RegionWiadomość dnia

Są pieniądze dla bezrobotnych, ale nikt ich nie chce…

Miały być kolejki chętnych, tym czasem urzędy pracy świecą pustkami. – Jesteśmy między młotem a kowadłem. Pozyskaliśmy pieniądze, te pieniądze są. Natomiast jest problem z pozyskaniem uczestników do tych projektów – mówi Paulina Cius, Wojewódzki Urząd Pracy w Katowicach. Chodzi o projekty ratowania i tworzenia miejsc pracy dla zwalnianych pracowników tyskich zakładów Fiata. Na to udało się zdobyć dziesięć i pół miliona złotych.

Pieniądze trafiły do siedmiu urzędów pracy w całym województwie. Dziś już wiadomo, że tych środków nie uda się wykorzystać. Tylko w Tychach, gdzie liczba zwalnianych miała być największa, z pomocy skorzystało zaledwie 140 osób. – Ponad 40 osób zostało zatrudnionych w ramach tzw. wyposażenia stanowiska pracy. Podobna liczba osób skorzystała lub korzysta aktualnie ze szkoleń oferowanych przez urząd, a zaledwie jedna osoba zgłosiła chęć podjęcia własnej działalności – informuje Katarzyna Ptak, Powiatowy Urząd Pracy w Tychach.

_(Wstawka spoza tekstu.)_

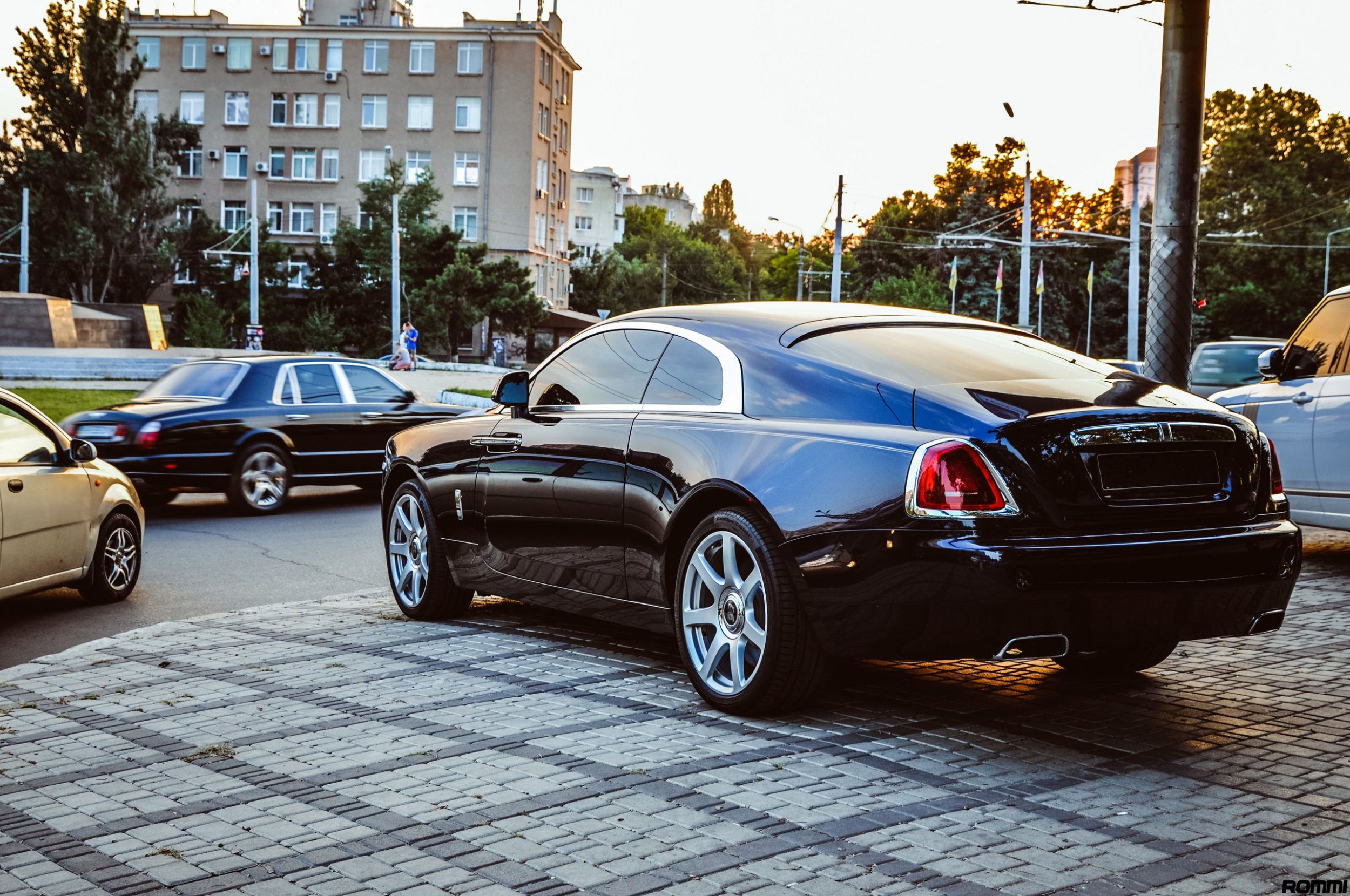 2013-Rolls-Royce-Wraith-Odessa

Teraz takiej pomocy oczekują pracownicy zwalniani z Huty Częstochowa. Już oficjalnie wiadomo, że pracę w zakładzie ma stracić połowa załogi, a więc około tysiąca pięciuset osób. Tu – jak zapewnia Grażyna Klamek z częstochowskiego urzędu pracy – środki zostaną wykorzystane, bo do tej pory bezrobotnych jest aż 16 tysięcy.Tutaj sytuacja jest troszkę inna. Osoby, żeby móc skorzystać z tego pakietu ochronnego, który my im zaproponujemy, muszą rozwiązać same umowę o pracę – mówi Grażyna Klamek, Powiatowy Urząd Pracy w Częstochowie.

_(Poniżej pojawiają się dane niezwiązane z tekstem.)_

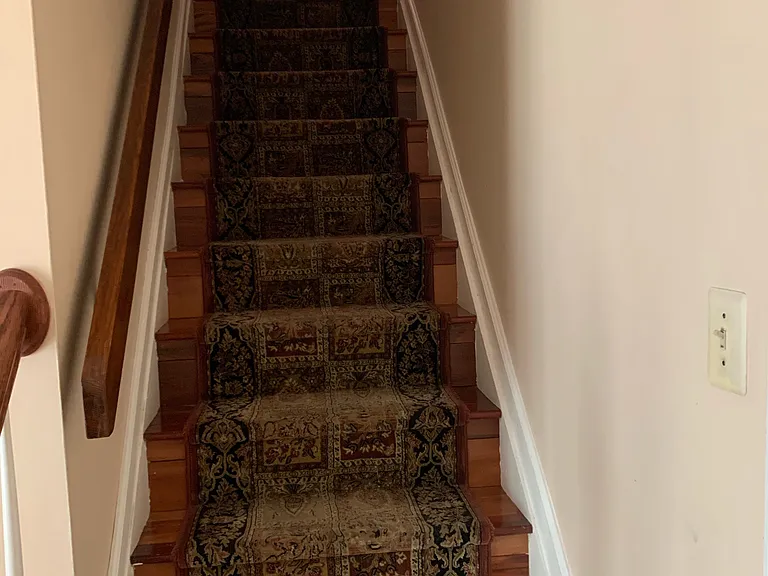 40 Hawthorn Dr — Photo 9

Władze Huty postawiły pracownikom ultimatum – albo 1500 osób dobrowolnie zrezygnuje z pracy albo liczba zwolnionych wzrośnie do 3000, bo zakład będzie musiał ogłosić upadłość. Nieoficjalnie mówi się, że dobrowolnie odchodzący pracownicy mogą liczyć na odprawę w wysokości 15 pensji. Na razie nie wiadomo, ilu pracowników chce skorzystać z oferty władz Huty. Nie będziemy ludziom doradzać. To jest decyzja człowieka, który podejmie taką decyzję: czy wchodzi w to czy nie. Uważamy w dalszym ciągu, że pakiet socjalny mówi o podwójnym wynagrodzeniu do końca gwarancji zatrudnienia – informuje Marek Lisowski, Związek Zawodowy Solidarność.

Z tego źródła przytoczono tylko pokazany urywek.